Um nicht falsch verstanden zu werden: Neue Musik ist überhaupt nicht nur eine Welt für Musikologen, aber es ist an der Zeit, dass die Musikologen verstehen, dass sie nur eine Hilfswissenschaft für das Publikum sind. Ihr Platz ist vor dem Publikum und nicht im Elfenbeinturm. Hörhilfen sind gefragt, um Hörerlebnisse aufzubauen, die zu Hörgewohnheiten werden können. Ja, das geht auch in der Neuen Musik.

Die Stückauswahl des Festivals ist reichhaltig und bunt – allerdings begrenzt auf das klassische Sinfonieorchester. Es fehlt hier alles, was in dem Bereich der elektronischen Musik geschieht. Ebenso fehlt der Bereich der Kammermusik. Stauds „Im Lichte II für zwei Klaviere“ und Salonens Streichquartett „Homunculus“ kann man nicht als ausreichend repräsentativ für diese kleineren Besetzungen betrachten.

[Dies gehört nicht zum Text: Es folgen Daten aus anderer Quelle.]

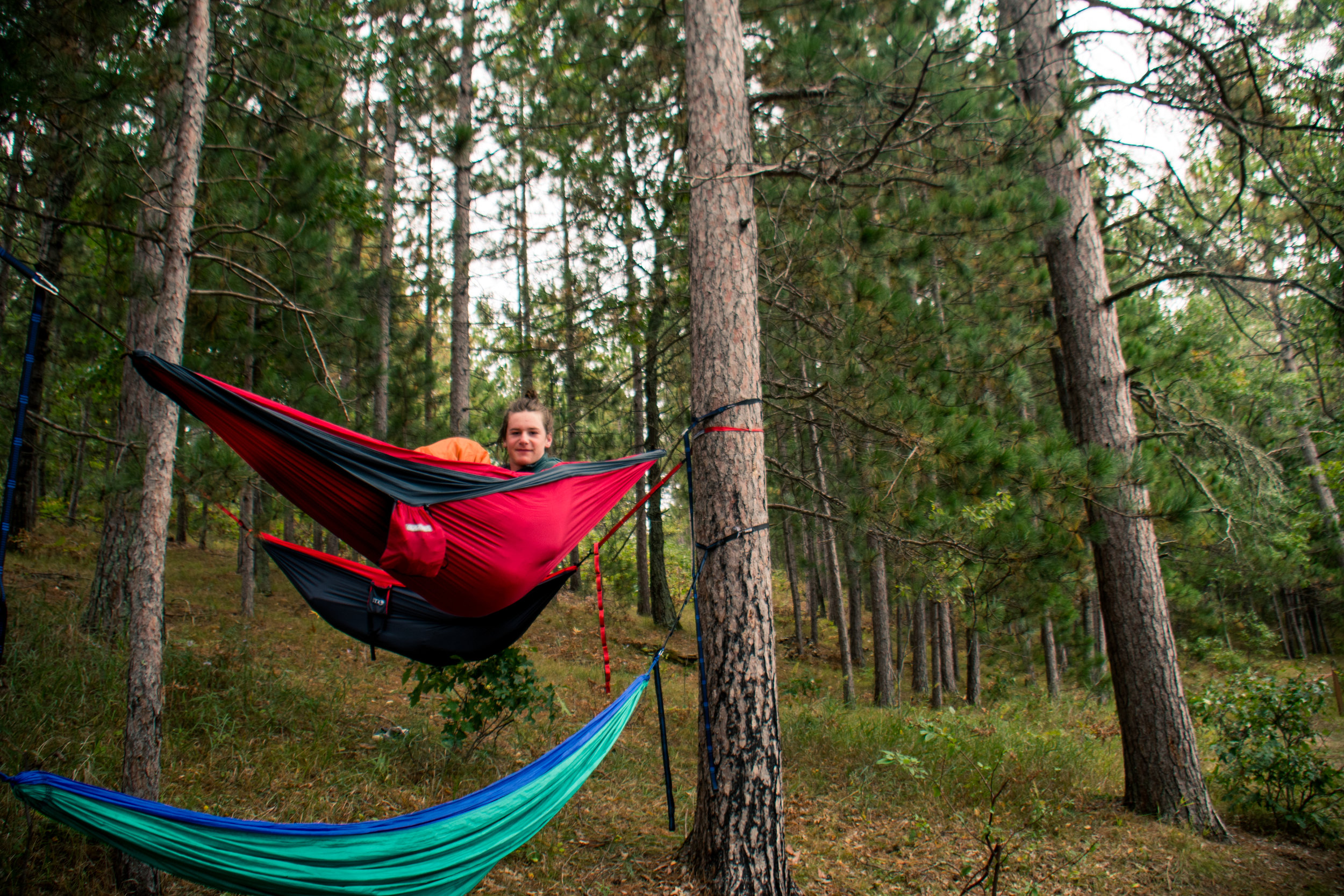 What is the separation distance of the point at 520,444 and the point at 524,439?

Last but not least: zeitgenössische Musik hat möglicherweise auch einen direkten Bezug zu den Zeitgenossen. Wolfgang Amadeus Mozart soll gesagt haben: „Die Musik steckt nicht in den Noten, sondern in der Stille dazwischen“ und Arvo Pärt weiß, dass das Wichtigste „in meiner Musik die Pausen“ sind. Wenn also diese „Momentaufnahme der gegenwärtigen Musik“ uns lebende Menschen widerspiegeln sollte, dann wird es Zeit, wach zu werden. Pausen gab es wenige – nicht in den Konzerten und nicht in den Kompositionen. Wenn dieses Ununterbrochene und Maschinenhafte in der Musik und das fast Roboterhafte im Dirigieren von Enno Poppe Ausdruck der Wesen unserer Zeit sind, dann stehen wir fraglos kurz vor einem Kollaps. So könnte die Musik dieser Biennale – wenn wir denn zuhören würden – Erkenntnis und vielleicht danach Einsicht und Heilung bringen.